John Ross has written several books on the Zapatista struggle including Rebellion from the Roots and The War Against Oblivion . La Journada , Mexico’s foremost independent daily, describes Ross as, “the new John Reed covering the new Mexican revolution.”
ARSENAULT: You’ve been covering the Zapatistas and the situation in Chiapas for more than ten years now. In terms of daily life for the indigenous in the base communities, what’s changed since the 1994 insurgency?
ROSS: In 1994 we didn’t know this area very well, but we began to go into the villages and we could see that there was no infrastructure. Ten years later, at the very least, we see schools in communities, and some clinics. We see that a whole array of collectives and cooperatives has developed. The most visually startling image of these communities is the enormous number of murals painted on all the walls. There are over 400 murals in Zapatista communities in the 38 autonomous municipalities.
I think some things are more material or concrete, but what you can never measure is the way people feel about themselves—“the seizing,” as the archbishop emeritus of San Cristobal, Samual Ruiz, calls it, “the Indians becoming the subject of their own destiny.” In a real sense, the Zapatistas have done that. They’ve taken control of their own destiny. They have created a system of autonomous municipalities in five regions, which are in effect building their own way to live.
In 2001, the Zapatistas launched their March on the Capital to push for a lasting peace agreement. It was compared to Martin Luther King’s march on Washington, winning the Zapatistas tremendous popular support, but it failed to produce a lasting agreement. Has there been any movement towards peace since the March? Do you see any hope for meaningful talks?
There’s not going to be any peace talks as there’s really nothing to talk about. The Zapatistas negotiated for 22 months for the San Andres Accords, which would have been a landmark agreement, extending a form of autonomy to 57 distinct indigenous peoples in Mexico.
The Mexican Congress mutilated that law, after years of struggle, after referendums that drew millions to vote in favor of this law, so the Zapatistas said, “Why do we have to ask the government permission to establish autonomy?’

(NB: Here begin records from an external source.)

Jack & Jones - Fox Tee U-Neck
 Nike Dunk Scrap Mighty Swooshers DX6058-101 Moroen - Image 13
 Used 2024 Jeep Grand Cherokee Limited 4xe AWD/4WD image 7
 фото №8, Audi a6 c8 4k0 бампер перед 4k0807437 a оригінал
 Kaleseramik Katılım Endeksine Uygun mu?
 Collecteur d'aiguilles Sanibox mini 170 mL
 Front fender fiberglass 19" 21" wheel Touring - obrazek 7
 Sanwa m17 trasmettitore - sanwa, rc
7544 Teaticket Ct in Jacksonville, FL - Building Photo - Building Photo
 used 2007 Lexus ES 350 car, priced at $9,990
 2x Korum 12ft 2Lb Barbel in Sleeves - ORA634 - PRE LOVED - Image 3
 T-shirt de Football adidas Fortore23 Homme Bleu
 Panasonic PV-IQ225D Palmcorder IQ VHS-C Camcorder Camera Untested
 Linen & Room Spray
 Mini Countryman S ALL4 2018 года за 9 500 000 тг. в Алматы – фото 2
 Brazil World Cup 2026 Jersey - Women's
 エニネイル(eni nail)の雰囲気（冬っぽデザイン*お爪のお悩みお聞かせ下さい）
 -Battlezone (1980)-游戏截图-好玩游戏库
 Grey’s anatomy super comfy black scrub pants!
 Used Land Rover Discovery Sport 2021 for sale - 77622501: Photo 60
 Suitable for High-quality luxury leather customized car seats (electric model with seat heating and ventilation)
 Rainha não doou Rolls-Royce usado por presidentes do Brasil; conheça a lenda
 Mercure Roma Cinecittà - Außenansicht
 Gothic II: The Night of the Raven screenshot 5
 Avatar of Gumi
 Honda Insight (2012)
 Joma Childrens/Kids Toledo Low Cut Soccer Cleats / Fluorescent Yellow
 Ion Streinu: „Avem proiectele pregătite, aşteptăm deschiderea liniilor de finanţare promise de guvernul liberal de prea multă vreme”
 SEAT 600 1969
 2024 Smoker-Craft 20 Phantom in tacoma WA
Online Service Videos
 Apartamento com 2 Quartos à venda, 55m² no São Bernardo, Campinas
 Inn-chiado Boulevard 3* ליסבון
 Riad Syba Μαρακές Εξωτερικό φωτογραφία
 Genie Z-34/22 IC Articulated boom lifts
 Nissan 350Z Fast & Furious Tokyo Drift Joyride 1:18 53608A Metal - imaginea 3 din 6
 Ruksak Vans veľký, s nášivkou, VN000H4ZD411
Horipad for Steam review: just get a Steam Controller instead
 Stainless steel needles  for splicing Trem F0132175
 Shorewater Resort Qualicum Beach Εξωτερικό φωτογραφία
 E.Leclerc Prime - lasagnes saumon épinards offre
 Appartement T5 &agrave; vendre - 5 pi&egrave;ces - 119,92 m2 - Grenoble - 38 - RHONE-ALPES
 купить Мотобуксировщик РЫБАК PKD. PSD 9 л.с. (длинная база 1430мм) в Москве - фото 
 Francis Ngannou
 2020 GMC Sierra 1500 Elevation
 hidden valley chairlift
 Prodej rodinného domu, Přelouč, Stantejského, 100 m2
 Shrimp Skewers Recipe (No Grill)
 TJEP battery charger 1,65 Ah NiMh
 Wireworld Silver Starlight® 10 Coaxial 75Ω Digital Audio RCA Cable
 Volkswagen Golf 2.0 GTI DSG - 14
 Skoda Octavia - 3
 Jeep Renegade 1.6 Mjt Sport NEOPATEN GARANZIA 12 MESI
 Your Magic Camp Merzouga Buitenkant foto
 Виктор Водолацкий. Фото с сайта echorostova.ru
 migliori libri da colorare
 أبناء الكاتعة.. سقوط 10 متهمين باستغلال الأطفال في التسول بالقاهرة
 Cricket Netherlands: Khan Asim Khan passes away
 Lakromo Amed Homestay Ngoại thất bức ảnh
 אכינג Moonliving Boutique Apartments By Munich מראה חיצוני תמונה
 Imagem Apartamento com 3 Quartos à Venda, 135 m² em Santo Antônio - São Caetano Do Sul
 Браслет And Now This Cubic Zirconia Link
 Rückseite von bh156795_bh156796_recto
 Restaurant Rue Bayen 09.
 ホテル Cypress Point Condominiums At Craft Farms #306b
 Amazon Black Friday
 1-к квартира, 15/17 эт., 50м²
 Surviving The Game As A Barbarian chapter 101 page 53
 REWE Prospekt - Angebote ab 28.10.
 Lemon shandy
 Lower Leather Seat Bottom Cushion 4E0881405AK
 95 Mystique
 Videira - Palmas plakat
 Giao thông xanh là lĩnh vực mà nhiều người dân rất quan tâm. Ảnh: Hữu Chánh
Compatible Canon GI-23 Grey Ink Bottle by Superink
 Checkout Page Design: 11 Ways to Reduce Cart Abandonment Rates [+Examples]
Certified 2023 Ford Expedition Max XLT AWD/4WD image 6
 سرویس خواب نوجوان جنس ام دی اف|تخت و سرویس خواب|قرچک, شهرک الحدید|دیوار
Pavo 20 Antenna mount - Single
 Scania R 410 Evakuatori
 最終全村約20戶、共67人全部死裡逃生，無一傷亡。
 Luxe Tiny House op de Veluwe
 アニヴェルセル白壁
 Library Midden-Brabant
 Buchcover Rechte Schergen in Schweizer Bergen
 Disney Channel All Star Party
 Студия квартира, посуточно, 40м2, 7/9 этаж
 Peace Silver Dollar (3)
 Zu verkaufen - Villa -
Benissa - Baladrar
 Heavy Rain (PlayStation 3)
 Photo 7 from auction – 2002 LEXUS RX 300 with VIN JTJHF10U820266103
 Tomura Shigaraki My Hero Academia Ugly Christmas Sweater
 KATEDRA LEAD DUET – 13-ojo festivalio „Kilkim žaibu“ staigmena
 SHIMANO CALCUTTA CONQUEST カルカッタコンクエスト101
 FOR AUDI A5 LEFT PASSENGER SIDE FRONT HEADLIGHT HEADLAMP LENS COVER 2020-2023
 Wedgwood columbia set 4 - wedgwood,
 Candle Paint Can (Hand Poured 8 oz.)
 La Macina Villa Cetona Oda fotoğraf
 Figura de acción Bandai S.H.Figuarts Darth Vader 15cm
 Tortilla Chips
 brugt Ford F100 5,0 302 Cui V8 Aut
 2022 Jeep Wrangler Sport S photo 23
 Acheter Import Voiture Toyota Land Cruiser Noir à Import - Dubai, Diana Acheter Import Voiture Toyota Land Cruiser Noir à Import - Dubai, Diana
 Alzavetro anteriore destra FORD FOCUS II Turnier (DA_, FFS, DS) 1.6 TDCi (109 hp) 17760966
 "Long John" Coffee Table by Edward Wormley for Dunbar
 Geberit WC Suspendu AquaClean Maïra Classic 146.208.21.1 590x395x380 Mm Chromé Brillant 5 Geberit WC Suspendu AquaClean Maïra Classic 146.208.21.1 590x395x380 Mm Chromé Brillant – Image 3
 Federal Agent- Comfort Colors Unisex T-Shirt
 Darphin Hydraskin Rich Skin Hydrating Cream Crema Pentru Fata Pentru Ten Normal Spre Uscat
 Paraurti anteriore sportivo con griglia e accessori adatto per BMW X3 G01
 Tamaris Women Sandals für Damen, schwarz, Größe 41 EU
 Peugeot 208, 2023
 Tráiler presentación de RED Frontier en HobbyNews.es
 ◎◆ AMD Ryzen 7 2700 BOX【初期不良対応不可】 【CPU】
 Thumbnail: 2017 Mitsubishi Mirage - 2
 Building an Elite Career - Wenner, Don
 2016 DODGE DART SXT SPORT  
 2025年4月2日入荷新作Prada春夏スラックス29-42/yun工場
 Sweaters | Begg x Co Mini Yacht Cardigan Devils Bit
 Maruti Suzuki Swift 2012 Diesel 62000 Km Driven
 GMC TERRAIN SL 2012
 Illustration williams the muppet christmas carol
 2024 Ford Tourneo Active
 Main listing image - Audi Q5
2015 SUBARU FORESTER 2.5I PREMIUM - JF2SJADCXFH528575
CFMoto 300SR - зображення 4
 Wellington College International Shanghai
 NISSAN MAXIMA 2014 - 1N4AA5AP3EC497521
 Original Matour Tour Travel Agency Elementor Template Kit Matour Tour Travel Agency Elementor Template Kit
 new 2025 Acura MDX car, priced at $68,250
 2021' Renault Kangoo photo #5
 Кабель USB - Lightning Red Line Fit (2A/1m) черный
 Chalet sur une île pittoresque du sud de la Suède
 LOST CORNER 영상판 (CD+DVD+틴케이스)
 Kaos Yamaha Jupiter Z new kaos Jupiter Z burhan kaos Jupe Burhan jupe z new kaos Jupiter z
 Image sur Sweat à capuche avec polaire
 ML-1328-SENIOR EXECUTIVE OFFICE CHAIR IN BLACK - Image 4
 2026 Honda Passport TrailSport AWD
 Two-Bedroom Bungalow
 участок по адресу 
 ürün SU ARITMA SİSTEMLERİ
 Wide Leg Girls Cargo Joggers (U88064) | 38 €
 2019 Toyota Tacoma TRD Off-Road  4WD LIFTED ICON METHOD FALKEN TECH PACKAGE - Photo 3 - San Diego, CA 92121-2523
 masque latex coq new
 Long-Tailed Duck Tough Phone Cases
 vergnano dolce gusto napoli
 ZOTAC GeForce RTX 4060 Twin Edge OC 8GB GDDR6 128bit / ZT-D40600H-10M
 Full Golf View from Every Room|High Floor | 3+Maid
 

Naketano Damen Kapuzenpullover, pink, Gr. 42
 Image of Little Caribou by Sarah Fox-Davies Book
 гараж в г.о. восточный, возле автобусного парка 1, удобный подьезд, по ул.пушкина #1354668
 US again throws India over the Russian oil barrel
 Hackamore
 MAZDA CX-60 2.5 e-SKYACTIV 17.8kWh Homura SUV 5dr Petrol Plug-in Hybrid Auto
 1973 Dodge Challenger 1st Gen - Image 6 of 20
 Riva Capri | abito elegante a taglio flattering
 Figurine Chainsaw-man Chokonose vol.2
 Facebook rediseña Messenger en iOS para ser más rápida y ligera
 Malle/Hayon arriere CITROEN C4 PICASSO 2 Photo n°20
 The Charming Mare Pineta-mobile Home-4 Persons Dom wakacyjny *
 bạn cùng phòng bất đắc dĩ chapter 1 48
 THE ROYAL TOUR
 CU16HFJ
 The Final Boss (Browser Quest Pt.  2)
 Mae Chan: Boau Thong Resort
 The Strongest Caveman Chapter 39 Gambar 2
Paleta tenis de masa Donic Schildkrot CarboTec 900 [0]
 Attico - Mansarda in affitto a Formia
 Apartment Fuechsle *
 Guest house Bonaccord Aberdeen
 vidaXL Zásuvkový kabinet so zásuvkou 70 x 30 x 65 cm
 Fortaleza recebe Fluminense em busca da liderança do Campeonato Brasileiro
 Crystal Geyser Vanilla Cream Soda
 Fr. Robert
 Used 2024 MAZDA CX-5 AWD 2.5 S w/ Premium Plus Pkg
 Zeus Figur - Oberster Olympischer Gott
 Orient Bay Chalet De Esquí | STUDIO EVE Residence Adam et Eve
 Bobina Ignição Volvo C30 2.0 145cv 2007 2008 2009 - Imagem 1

The Zapatistas are just doing what they agreed on with the government. They’re establishing their autonomy. I think the distinction here is that five or six years ago, when the PRI (Institutional Revolutionary Party) still ran the show and the president was a guy named Zedillo, the government would have come down hard with the military or police. What the Zapatistas are doing now, in terms of building an autonomous structure, is being ignored by the government.
President
Vicente Fox tried to take command of the situation. He sent the
COCOPA [Constitutional Reforms on Indigenous Rights and Culture]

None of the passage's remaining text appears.